= Thomas Albert Smith Adams =

American clergyman and poet (1839–1888)

Thomas Albert Smith Adams (February 5, 1839 - December 21, 1888), also known as "TAS", was a southern American Methodist clergyman and poet.

==Background==
The great-grandparents of T. A. S. Adams, as he was generally called, were Welsh-Irish Presbyterians, who emigrated from Ireland to South Carolina in 1766. Abram Adams, his father, moved with his wife and five children, in 1834, to Noxubee County, Mississippi, and bought a tract of land from the Indians. Ten out of the fourteen children in this thrifty, intelligent, religious family lived to the age of twenty-one. Among them was T. A, S. Adams, born February 5, 1839, and named for a general under whom his father served in the War of 1812. From the neighborhood school he entered, with marked literary aptitude, the University of Mississippi and completed the Junior year, graduating with honors at Emory and Henry College, Virginia, in 1860. The same year he married, and entered the Methodist ministry.
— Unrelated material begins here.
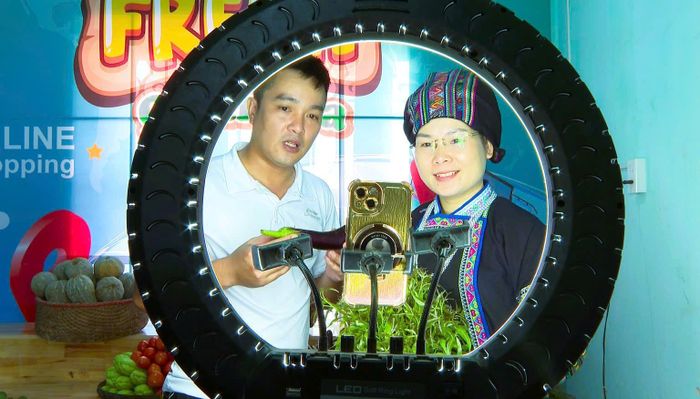 Chị Nguyễn Thanh Lịch, cán bộ Trung tâm dịch vụ công xã Quản Bạ livestream giới thiệu nông sản của địa phương.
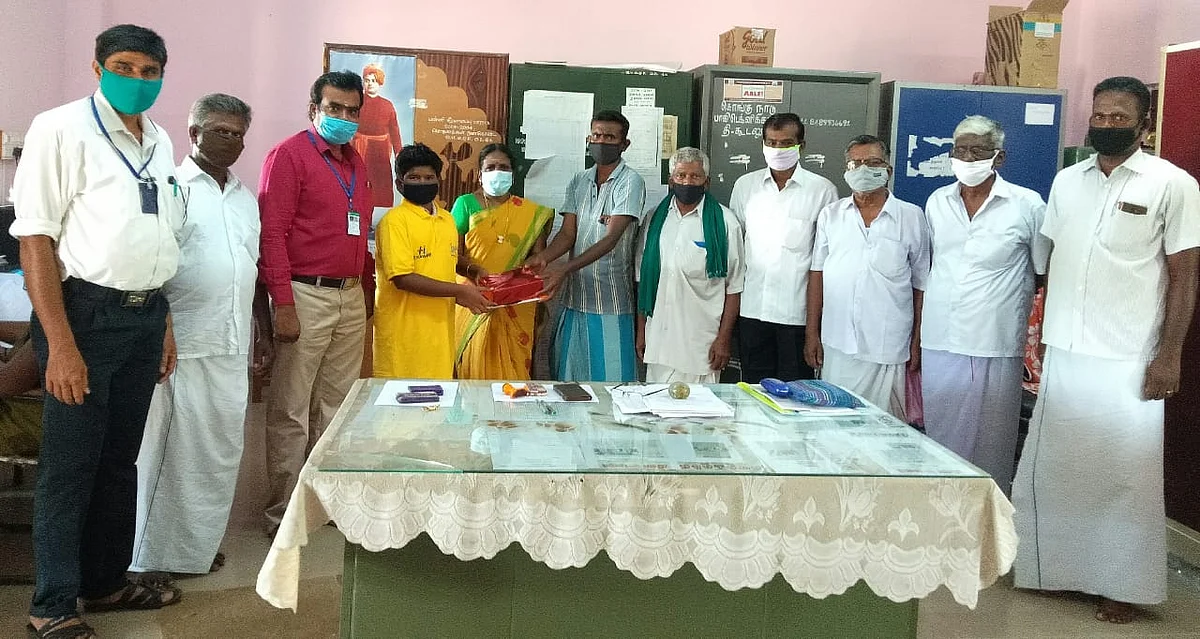 பூவரசனை பாராட்டும் கிராம மக்கள்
He was chaplain of the 11th Mississippi Infantry Regiment under General Joseph R. Davis in the Confederate Army. Transferring in 1871 from the Mobile Conference, which he had joined, to the North Mississippi Conference, formed that year, he soon ranked among the leaders in the Conference, filling important stations and at intervals appointed to the presidency of several church schools. He was among the first, and earnest, advocates of a Mississippi Methodist College. His epic poem, Enscotidion; or, Shadow of Death, was published in 1876. Aunt Peggy and Other Poems appeared in 1882, in which year he was a delegate from his Conference to the General Conference of the Southern Methodist Church. The degree of Doctor of Divinity was conferred on him by his alma mater in 1884. In 1886, he became president of Centenary College of Louisiana (Jackson), but resigned the next year and moved to Jackson, Mississippi, where he established a school with the design of having it become the "State Methodist College". But his plans miscarried, and he reentered the itinerant ministry in the North Mississippi Conference. He died suddenly, from a stroke of apoplexy, December 21, 1888, in the railway station at Jackson, Mississippi, while preparing to leave for his new appointment at Oxford, Mississippi.